Work request: Your task is to find every line in the records that holds the string "with" and copy it.

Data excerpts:
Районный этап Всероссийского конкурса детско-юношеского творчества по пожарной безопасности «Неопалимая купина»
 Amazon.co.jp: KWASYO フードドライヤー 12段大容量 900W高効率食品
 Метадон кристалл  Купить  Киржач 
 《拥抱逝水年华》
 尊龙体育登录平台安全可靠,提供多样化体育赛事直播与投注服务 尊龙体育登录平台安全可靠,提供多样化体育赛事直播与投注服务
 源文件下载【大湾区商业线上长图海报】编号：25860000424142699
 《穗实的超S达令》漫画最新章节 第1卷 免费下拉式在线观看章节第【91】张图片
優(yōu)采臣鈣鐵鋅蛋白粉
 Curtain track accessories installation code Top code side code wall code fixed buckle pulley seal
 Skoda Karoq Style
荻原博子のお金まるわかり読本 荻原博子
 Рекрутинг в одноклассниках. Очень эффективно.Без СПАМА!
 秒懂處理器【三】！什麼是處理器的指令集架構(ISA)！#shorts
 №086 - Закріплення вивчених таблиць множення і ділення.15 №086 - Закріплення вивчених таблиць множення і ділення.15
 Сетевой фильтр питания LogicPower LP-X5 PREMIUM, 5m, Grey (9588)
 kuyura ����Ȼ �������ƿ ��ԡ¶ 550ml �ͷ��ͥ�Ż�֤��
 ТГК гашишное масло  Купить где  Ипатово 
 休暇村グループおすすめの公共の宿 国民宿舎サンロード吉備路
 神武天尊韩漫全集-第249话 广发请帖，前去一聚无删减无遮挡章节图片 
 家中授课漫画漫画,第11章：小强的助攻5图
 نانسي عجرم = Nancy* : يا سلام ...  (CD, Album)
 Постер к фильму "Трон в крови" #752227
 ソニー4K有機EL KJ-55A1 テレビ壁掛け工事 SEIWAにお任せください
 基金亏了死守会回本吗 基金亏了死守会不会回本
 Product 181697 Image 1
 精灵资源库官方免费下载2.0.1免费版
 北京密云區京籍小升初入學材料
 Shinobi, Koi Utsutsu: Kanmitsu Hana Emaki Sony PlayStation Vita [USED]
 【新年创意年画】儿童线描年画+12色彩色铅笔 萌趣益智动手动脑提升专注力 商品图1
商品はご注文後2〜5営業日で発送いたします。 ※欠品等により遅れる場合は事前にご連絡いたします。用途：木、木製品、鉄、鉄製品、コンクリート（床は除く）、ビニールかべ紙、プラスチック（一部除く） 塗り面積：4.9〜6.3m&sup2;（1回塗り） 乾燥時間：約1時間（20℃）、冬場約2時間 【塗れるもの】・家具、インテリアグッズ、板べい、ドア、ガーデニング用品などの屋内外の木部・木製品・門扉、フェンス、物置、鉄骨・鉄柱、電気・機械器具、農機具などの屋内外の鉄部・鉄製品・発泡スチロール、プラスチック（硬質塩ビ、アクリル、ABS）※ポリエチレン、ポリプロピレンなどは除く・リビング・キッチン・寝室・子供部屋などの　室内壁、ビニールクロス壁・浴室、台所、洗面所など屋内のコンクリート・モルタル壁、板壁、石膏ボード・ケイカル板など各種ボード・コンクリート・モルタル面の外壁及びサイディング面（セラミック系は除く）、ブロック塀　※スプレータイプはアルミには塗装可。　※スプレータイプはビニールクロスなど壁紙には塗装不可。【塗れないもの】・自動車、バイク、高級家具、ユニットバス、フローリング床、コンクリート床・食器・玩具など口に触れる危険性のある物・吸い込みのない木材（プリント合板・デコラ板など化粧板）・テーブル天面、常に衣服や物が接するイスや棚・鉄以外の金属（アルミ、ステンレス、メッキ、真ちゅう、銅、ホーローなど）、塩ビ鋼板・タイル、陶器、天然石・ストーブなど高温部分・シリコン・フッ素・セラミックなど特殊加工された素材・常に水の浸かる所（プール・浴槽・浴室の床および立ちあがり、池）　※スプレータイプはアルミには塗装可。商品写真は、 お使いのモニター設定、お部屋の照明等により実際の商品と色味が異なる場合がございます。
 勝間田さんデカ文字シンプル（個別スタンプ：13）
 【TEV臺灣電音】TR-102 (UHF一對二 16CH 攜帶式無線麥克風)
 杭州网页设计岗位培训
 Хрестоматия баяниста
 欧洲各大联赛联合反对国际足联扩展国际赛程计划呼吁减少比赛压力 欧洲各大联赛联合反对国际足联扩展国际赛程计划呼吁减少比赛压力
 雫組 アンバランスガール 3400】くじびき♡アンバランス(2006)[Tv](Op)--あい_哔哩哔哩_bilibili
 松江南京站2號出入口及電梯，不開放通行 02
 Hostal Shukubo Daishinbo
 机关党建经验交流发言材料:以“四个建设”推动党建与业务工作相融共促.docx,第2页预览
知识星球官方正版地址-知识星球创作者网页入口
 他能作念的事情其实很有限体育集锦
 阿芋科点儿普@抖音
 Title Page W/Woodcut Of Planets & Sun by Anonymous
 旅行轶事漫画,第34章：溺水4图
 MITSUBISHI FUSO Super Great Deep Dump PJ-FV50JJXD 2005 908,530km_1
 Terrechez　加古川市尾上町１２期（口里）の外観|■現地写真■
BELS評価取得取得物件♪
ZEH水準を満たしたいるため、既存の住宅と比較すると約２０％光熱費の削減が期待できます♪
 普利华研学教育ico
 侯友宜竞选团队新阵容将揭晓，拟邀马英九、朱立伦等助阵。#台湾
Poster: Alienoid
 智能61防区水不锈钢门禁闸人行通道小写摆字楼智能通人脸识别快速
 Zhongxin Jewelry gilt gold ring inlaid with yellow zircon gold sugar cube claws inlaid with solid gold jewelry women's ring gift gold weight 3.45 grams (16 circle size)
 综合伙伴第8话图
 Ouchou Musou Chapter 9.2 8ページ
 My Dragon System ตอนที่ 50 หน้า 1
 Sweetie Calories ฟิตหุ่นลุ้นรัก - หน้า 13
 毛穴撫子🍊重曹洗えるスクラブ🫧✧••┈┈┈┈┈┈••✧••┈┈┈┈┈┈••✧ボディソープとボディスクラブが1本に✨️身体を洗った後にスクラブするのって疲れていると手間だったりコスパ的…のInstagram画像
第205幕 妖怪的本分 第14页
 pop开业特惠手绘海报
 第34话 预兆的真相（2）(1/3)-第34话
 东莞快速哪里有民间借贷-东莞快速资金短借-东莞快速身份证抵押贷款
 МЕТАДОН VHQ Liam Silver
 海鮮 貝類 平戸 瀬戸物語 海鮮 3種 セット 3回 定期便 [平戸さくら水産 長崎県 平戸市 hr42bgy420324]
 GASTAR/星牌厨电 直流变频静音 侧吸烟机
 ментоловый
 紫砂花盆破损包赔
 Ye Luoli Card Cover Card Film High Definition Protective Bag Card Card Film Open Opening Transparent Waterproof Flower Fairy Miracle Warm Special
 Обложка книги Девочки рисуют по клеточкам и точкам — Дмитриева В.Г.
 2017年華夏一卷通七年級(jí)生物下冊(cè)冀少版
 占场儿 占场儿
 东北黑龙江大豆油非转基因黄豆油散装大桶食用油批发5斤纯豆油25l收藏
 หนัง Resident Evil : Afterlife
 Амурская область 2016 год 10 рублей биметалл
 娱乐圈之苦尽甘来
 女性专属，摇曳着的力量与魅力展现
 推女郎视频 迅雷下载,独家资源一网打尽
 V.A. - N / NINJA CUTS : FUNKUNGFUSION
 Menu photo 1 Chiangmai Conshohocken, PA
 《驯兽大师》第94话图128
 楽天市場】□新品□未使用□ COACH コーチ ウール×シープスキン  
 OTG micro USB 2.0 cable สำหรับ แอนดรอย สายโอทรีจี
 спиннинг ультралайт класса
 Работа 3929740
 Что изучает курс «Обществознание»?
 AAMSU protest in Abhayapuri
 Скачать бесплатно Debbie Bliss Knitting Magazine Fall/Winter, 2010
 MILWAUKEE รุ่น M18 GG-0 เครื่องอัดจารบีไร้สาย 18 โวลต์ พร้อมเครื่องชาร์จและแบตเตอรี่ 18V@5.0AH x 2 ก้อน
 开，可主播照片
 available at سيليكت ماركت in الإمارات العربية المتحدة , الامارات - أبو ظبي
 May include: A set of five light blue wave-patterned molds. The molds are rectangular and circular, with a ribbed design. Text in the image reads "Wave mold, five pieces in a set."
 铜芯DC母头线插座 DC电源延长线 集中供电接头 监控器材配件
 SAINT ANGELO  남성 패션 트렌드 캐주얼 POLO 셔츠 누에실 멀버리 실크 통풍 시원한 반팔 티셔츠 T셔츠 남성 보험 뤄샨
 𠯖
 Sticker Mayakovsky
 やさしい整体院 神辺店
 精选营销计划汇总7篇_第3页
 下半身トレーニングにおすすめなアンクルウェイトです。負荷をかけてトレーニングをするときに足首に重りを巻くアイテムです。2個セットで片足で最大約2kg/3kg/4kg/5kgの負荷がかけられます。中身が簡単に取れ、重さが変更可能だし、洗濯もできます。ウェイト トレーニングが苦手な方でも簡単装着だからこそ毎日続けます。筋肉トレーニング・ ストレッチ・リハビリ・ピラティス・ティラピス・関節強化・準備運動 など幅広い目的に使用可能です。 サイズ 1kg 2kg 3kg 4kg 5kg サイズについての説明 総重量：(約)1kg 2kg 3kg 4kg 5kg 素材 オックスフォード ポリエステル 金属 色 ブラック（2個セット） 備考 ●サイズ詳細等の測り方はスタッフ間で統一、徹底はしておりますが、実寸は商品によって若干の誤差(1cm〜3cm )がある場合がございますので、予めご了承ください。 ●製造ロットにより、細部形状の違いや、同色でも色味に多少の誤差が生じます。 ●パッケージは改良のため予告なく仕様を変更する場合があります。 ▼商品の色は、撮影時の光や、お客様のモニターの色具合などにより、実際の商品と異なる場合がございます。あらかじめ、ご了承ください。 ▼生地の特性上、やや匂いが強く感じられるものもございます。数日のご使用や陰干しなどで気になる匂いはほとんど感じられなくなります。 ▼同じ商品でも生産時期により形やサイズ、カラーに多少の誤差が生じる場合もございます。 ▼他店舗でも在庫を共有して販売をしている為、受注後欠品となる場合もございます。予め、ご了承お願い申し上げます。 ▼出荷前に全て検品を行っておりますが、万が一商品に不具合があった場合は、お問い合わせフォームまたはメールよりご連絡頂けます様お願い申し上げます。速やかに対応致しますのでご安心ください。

Answer box:
 Zhongxin Jewelry gilt gold ring inlaid with yellow zircon gold sugar cube claws inlaid with solid gold jewelry women's ring gift gold weight 3.45 grams (16 circle size)
 May include: A set of five light blue wave-patterned molds. The molds are rectangular and circular, with a ribbed design. Text in the image reads "Wave mold, five pieces in a set."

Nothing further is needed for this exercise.